From f5c4ca39b5dc1199f872d1bd0fcf939a220173cb Mon Sep 17 00:00:00 2001
From: Andrey Arapov <andrey@akash.network>
Date: Tue, 3 Sep 2024 12:12:28 +0200
Subject: [PATCH] update zombie processes provider script, doc

- Enhanced zombie process detection by implementing `pstree` logic to ensure only `containerd-shim` descendants are targeted, serving as a safeguard to prevent non-containerized system processes from being affected.
- Introduced a configurable threshold for zombie count, with a default of 50.
- Improved handling of SIGCHLD and SIGKILL signals to target only persistent zombies.

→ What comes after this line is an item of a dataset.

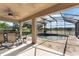 Inviting screened-in pool area overlooking the lake, perfect for outdoor dining and relaxation at 4835 Calasans Ave, St Cloud, FL 34771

- Added logging functionality with `logger -t kill_zombie_parents` (in crontab), recording actions in the systemd journal.
- Updated crontab job frequency to run every 15 minutes instead of 5 minutes.
- Updated documentation with new examples and usage instructions.
---
 .../providers/provider-faq-and-guide/index.md | 222 ++++++++++++------
 1 file changed, 147 insertions(+), 75 deletions(-)
diff --git a/src/content/Docs/providers/provider-faq-and-guide/index.md b/src/content/Docs/providers/provider-faq-and-guide/index.md
index fc1b379c..9645a8be 100644
--- a/src/content/Docs/providers/provider-faq-and-guide/index.md
+++ b/src/content/Docs/providers/provider-faq-and-guide/index.md
@@ -1050,7 +1050,7 @@ chmod +x /usr/local/bin/akash-force-new-replicasets.sh
 
 #### 3). Create Cronjob
 
-Create the crontab job /`etc/cron.d/akash-force-new-replicasets` to run the workaround every 5 minutes.
+Create the crontab job `/etc/cron.d/akash-force-new-replicasets` to run the workaround every 5 minutes.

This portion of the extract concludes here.